● **Action item**: Exact wording is needed for every line from the one holding "6508 Great Northern Highway, Bindoon WA 6502" to the end of the records below; write those lines out and omit the pictures.

● **Data**:
----
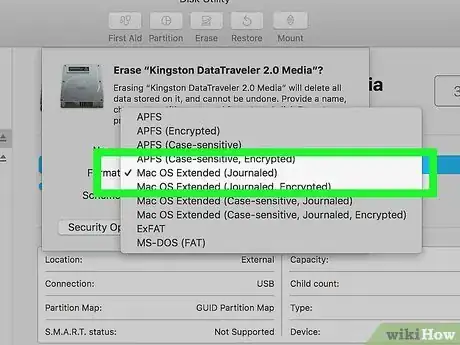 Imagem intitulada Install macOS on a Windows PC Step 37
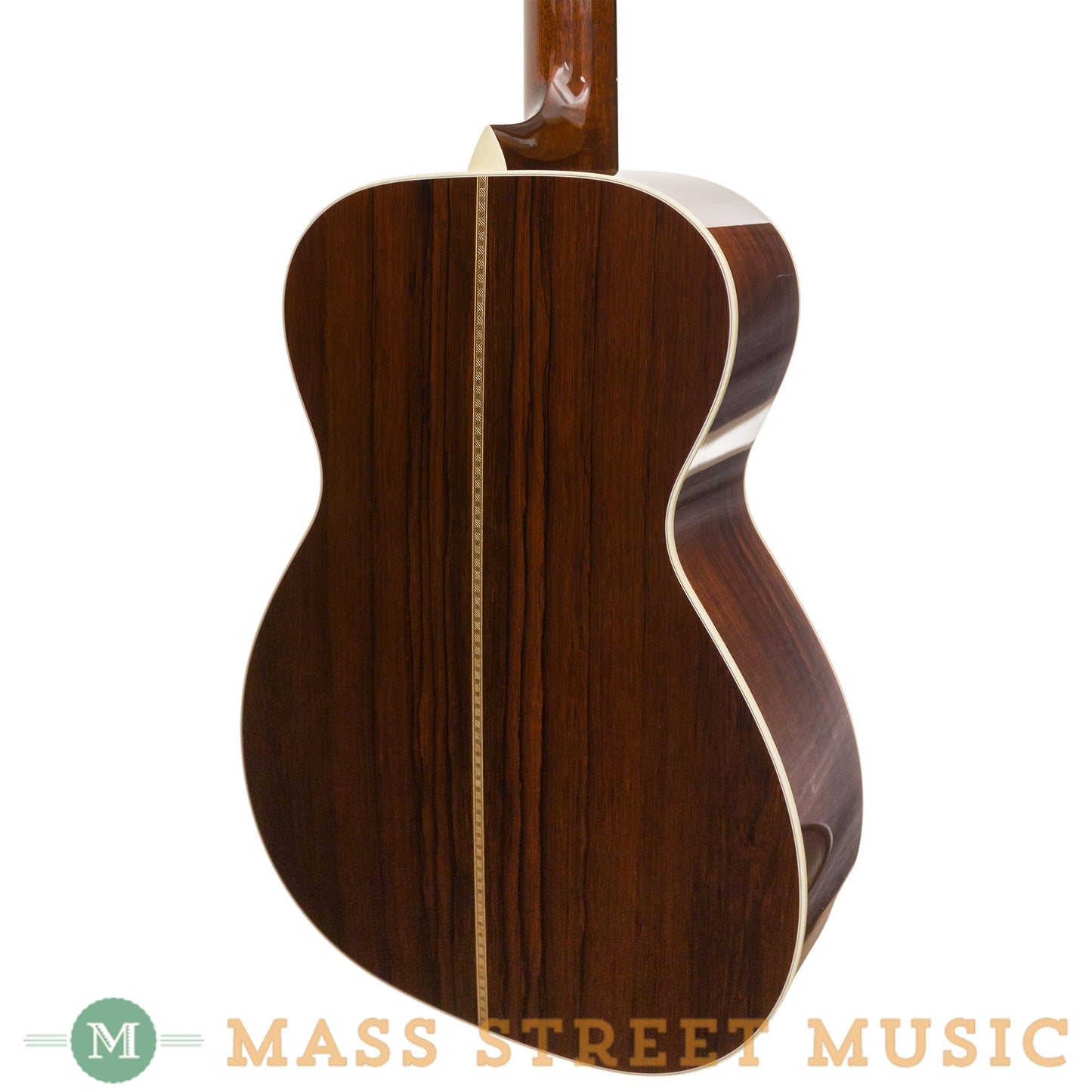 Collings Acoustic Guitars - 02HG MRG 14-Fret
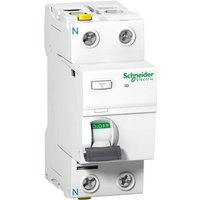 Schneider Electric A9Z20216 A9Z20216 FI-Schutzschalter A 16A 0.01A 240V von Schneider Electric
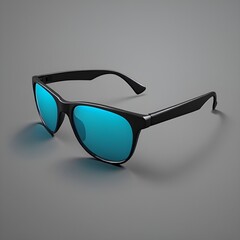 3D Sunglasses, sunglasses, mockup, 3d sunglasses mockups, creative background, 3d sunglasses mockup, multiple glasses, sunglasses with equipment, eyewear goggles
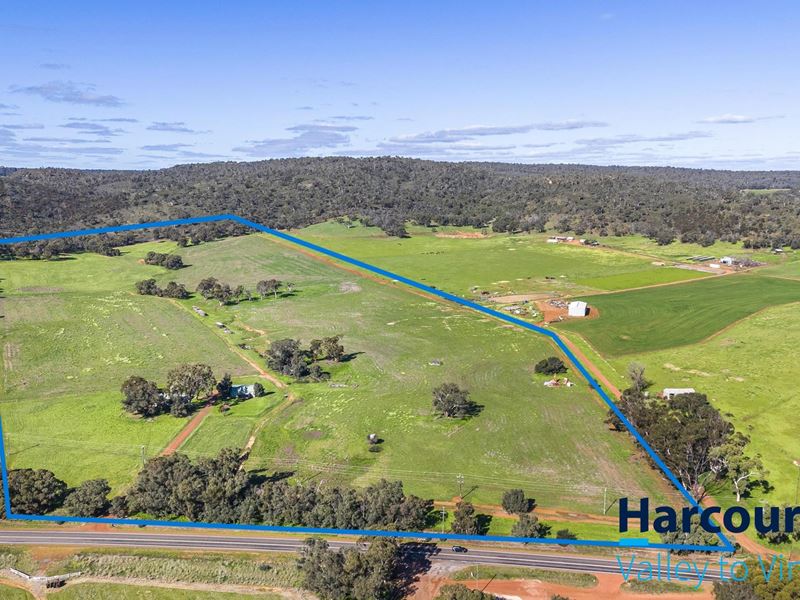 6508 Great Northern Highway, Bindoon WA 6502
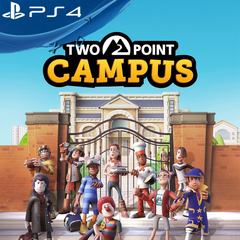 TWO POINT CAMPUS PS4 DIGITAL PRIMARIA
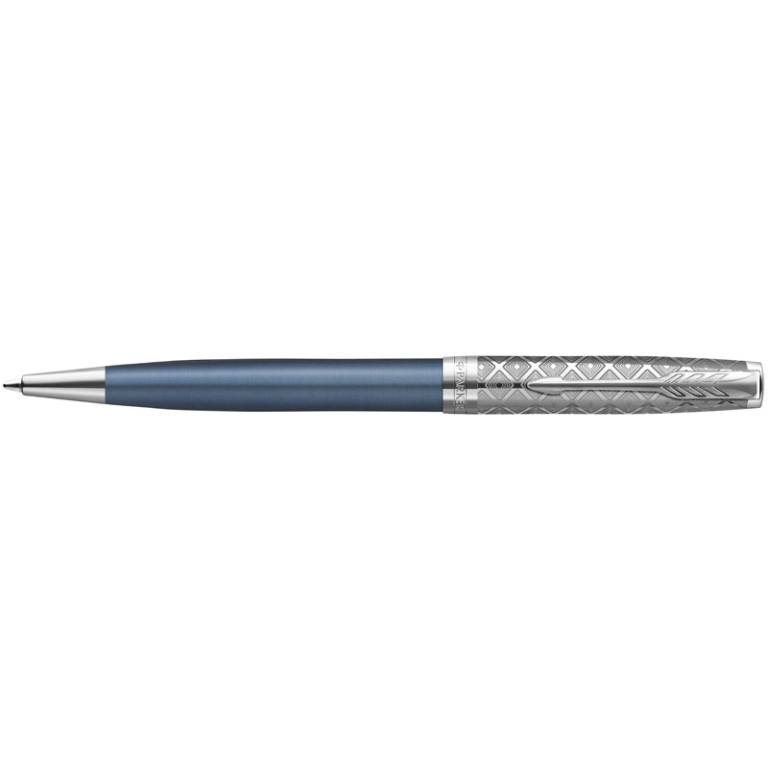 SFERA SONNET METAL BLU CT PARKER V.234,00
----
● **Result**:
 6508 Great Northern Highway, Bindoon WA 6502
 TWO POINT CAMPUS PS4 DIGITAL PRIMARIA
 SFERA SONNET METAL BLU CT PARKER V.234,00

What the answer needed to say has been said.